Post-filtering Metrics section

post-Filtering metrics section

post-Filtering metrics section

  • The third section, entitled Post-Filtering Metrics (Figure 3), repeats the elements of the Pre-Filtering Metrics section, but the graph presents the data after filtering. It also contains statistics on the number and percentage of samples/features removed.

Once the filtering has been done, save the object by clicking the button Save the processed sets.

Filtering missing values by samples/features

Filtering missing values by samples/features page

Filtering missing values by samples/features page

Missing values can be very numerous in certain proteomics experiments and need to be dealt with carefully.

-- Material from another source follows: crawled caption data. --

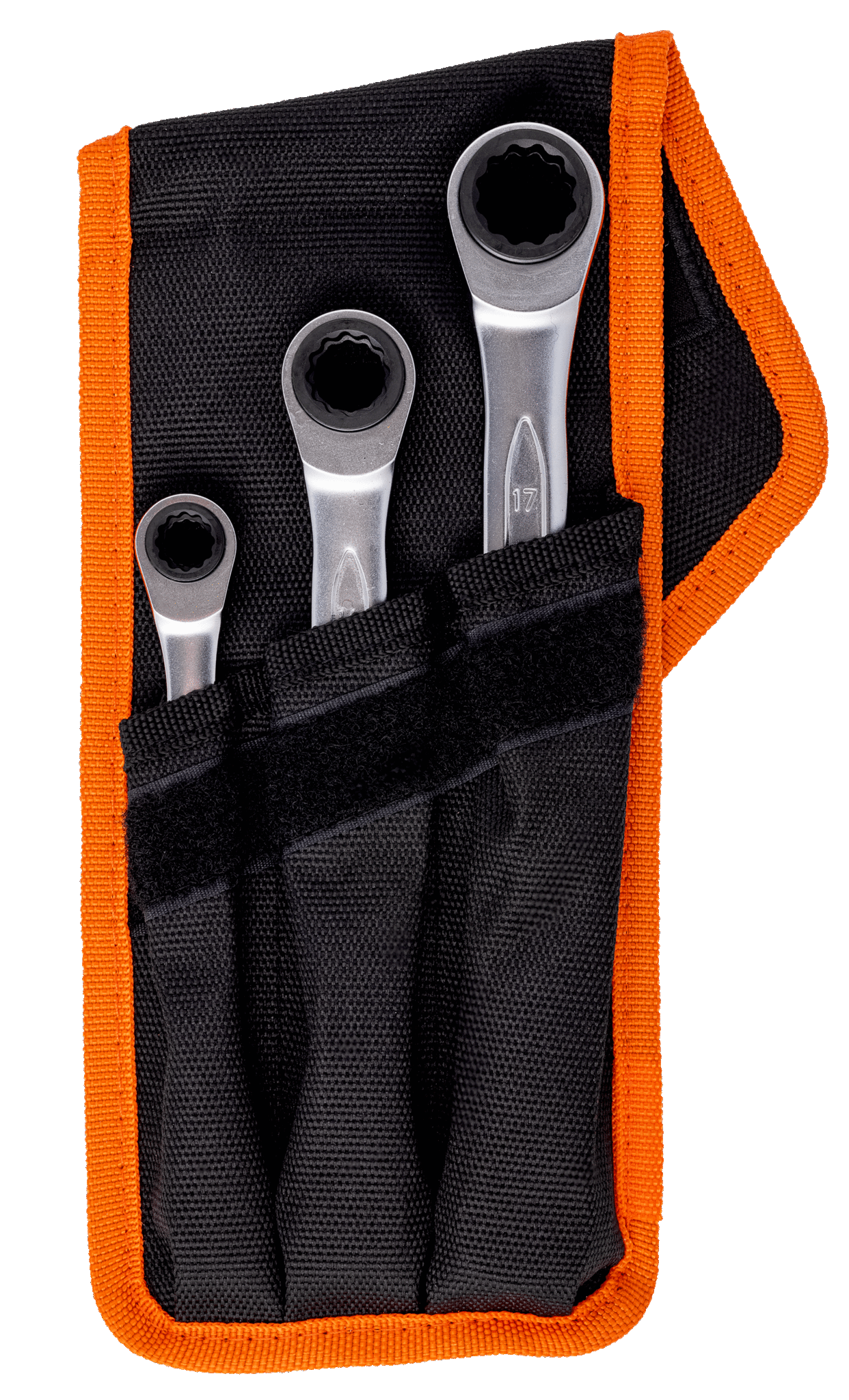 Bahco Set Chicharra corona doble
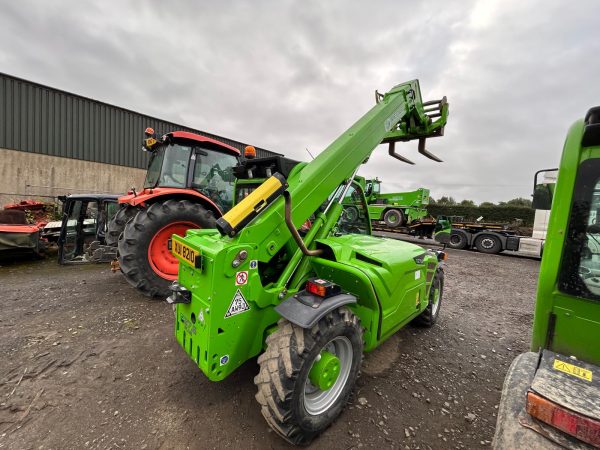 2020 Merlo P27.6 - Image 7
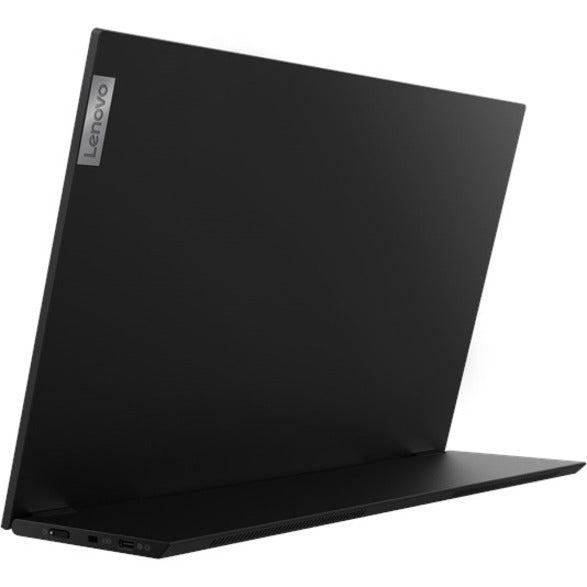 Lenovo Thinkvision M15 39.6 Cm (15.6") 1920 X 1080 Pixels Full Hd Led Black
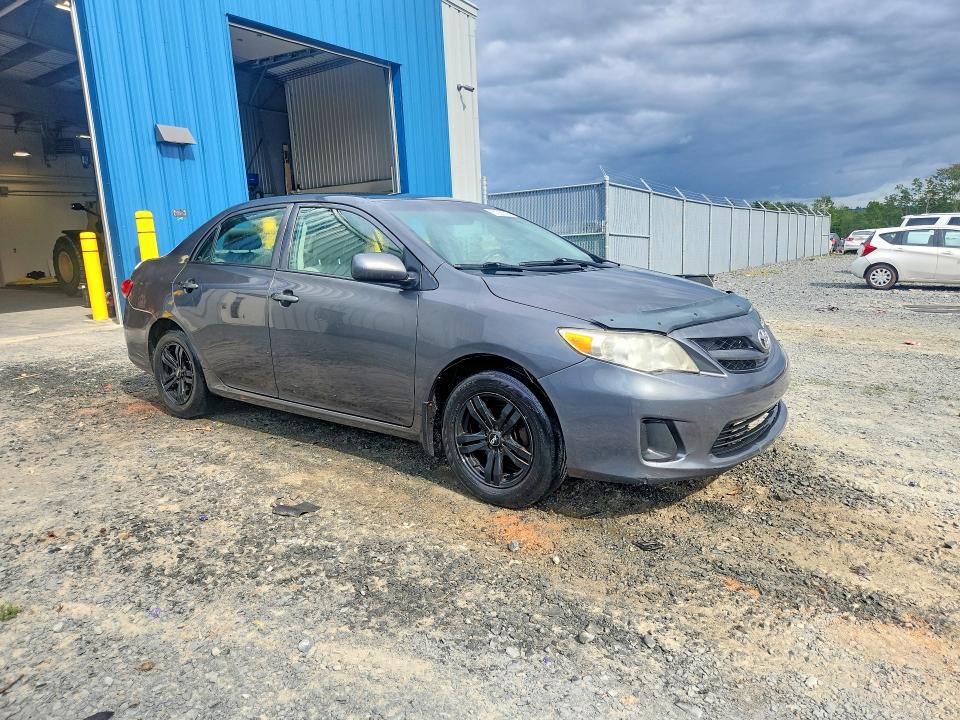 67381696 :رقم المزاد ، 2T1BU4EE9BC687948 vin ، 2011 Toyota Corolla مزاد بيع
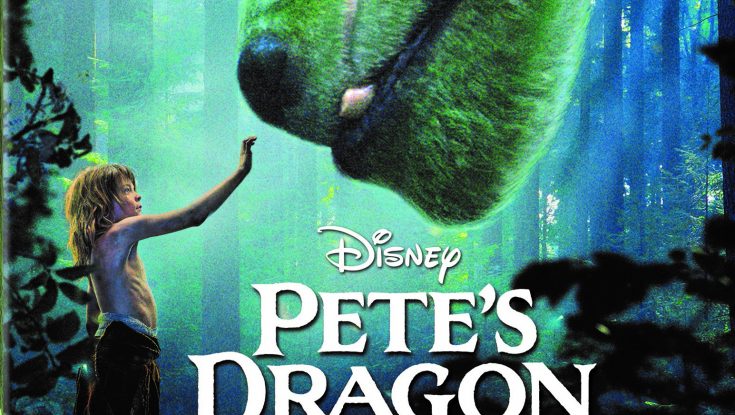 Photos: ‘Pete’s Dragon’ Flies onto Blu-ray and DVD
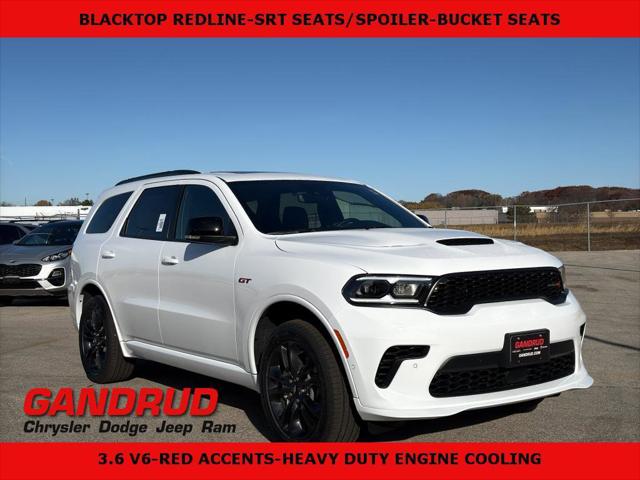 2026 Dodge Durango DURANGO GT PLUS AWD 2026 Dodge Durango DURANGO GT PLUS AWD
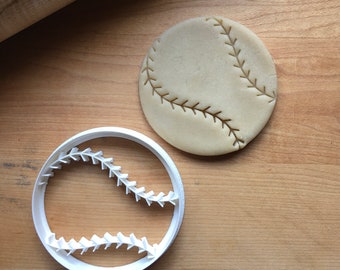 Baseball Cookie Cutter/Multi-Sizes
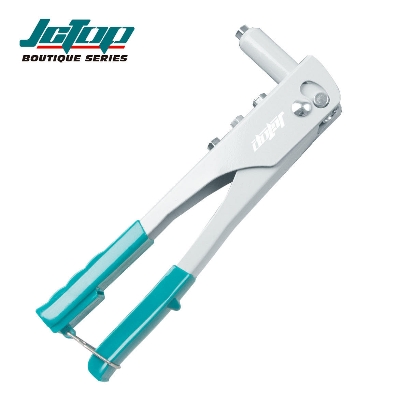 Picture of JCTOP High Quality 2.4-4.8mm Industrial Grade One-Handed Rivet Gun Manual Labor Saving Hand Tool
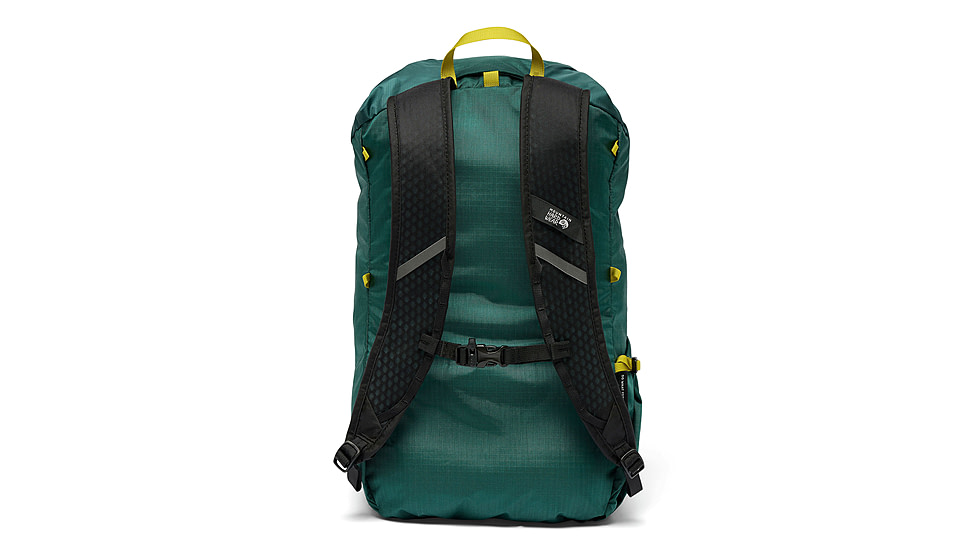 Mountain Hardwear UL 20 Backpacks, Aqua Green, O/S, 2110161-318-O/S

In this step, you will need to define a threshold for the percentage of missing values (NA) beyond which a feature/sample should be removed (A). By changing this value, the statistics relating to the number and percentage of features/samples removed (B) and the associated graph (C) will be automatically updated. Once the threshold is defined, click on Save the processed sets (D).

Normalisation

Normalization page

Normalization page

QFeatures objects can be normalised in this step. Several normalisation methods are available (A).

  • sum and max, where each feature’s intensity is divided by the maximum or the sum of the feature, respectively. These two methods are applied along the features (rows).

  • center.mean and center.median centre the respective sample (column) intensities by subtracting the respective column means or medians. div.mean and div.median divide by the column means or medians.

  • diff.median centres all samples (columns) so that they all match the grand median by subtracting the respective column median differences from the grand median.

  • Using quantiles or quantiles.robust applies (robust) quantile normalisation, as implemented in preprocessCore::normalize.quantiles() and preprocessCore::normalize.quantiles.robust(). vsn uses the vsn::vsn2() function. Note that the latter also glog-transforms the intensities. See the respective manuals for more details and function arguments.

Once the normalisation method is selected, click on Apply normalisation (B); the density graph after normalisation will be displayed. Click on Save the processed sets (C).

Zero to NA

Zero to NA page

Zero to NA page

This step converts all zero intensities into missing values (NA) in the selected sets.

Log Transformation

Log transformation page

Log transformation page

When analysing continuous data using parametric methods (such as t-test or linear models), it is often necessary to log-transform the data.

The log base is set to log2 by default, but can also be set to log10 or ln (A). A pseudocount value can be added (B) to handle zero values in the data before applying the logarithm. Then click on Apply log transform (C); this will display a density plot after log transformation. Once this is done, do not forget to click on Save the processed sets (D).

Imputation

Imputation page

Imputation page

There are two types of mechanisms resulting in missing values in LC/MSMS experiments.

  • Missing values resulting from the absence of detection of a feature, despite ions being present at detectable concentrations. For example, this can happen in the case of ion suppression or as a result of the stochastic, data-dependent nature of the MS acquisition method. These missing values are expected to be randomly distributed in the data and are defined as missing at random (MAR) or missing completely at random (MCAR).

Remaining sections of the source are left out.